Наследие первой волны феминизма позволило открыть академический мир для женщин, выровняв доступ к ресурсам высшего образования и академических должностей, даже если теоретики первой волны в основном сосредоточивали свое внимание на внутренней политике. Значение этих перемен не следует недооценивать, однако они не позволяют решить всей проблемы. Это можно увидеть в отношении к канону мыслителей. Мне надо показать, что я не дискриминировал женщин, сосредоточившись на мыслителях-мужчинах, хотя имеются не менее достойные авторы-женщины. Существует ли канон столь же достойных женщин, которые могли бы быть включены, но я просто предпочел не обращать на них внимания? На этот вопрос относительно легко ответить отрицательно – хотя читателю или студенту предстоит решить, убедителен ли для него в конечном счете мой выбор [Zerelli, 2008]. Хотя есть исключительные авторы-женщины, писавшие о политике, праве и международных отношениях, эти женщины и правда исключительны, учитывая социальное, политическое и физическое исключение женщин из сферы образования, политики и публичной жизни, сохранявшееся на протяжении почти всей западной истории (да и истории большинства других цивилизаций с письменной традицией, ведь патриархат – проблема не только Запада). Соответственно, за несколькими достойными исключениями, представленными такими философами, как Кристина Пизанская и Мэри Уолстонкрафт, и такими авторами дневников и путевых заметок, как Мэри Уортли-Монтегю, не существует канона значимых теоретиков международных отношений, которых я бы проигнорировал или же дискриминировал, по крайней мере из числа авторов до XX в. Действительно, сам факт мужской власти, исключающей женщин, – так называемый патриархат – полностью объясняет отсутствие значимых авторов-женщин в этом каноне вплоть до XX в. Это не означает отрицания того, что некоторые исключительные женщины – Клеопатра, Елизавета I, Екатерина Великая – обладали военной и политической властью.

Содержание этой книги не является примером открытой дискриминации или исключения равно достойных голосов. Но достаточное ли это оправдание для такого исследования? Здесь можно сделать не слишком лестный для меня вывод, хотя я его не принимаю: если верить мне, потребуются тысячелетия для того, чтобы создать гендерно-сбалансированные каноны исторической политической и международной мысли. То есть авторы-мужчины могут оставаться в нашем гендерно искаженном каноне, ожидая, пока политические и международные теоретики из числа женщин не догонят их на территории, которая была для них закрыта! За этой мыслью скрывается предположение о том, что человеческий опыт, институты и события, отображенные в теориях и понятиях, исследуемых в этом каноне, являются в каком-то смысле универсальными.

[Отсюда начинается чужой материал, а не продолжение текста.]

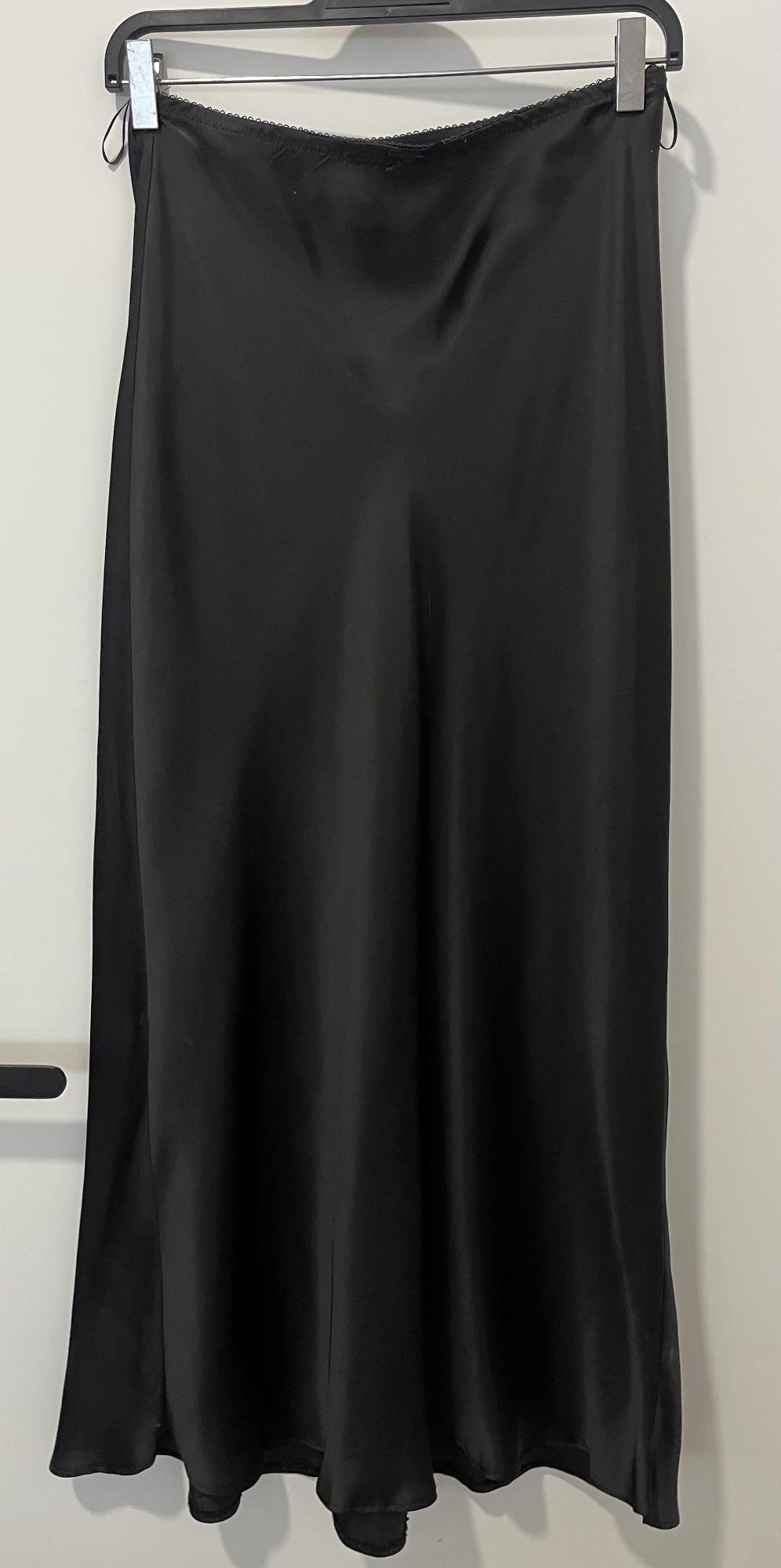 Long black satin skirt hanging on a hanger against a white background.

Если так, проблема лишь в том, кто пишет о таком опыте, а тогда ее можно решить, произвольно распределяя гендерные местоимения – словно бы исследуемые идеи развивались и обсуждались женщинами, хотя на самом деле это было, конечно, не так. Но если вернуться к примеру Фукидида и месту женщин в его «Истории», где они в основном выступают жертвами насилия, мы можем увидеть более существенную проблему, не сводящуюся к исключению из числа авторов философского канона. Именно это и поняли феминистки и феминистские теоретики второй волны, совершившие поворот к обсуждению патриархата как социальной конструкции власти.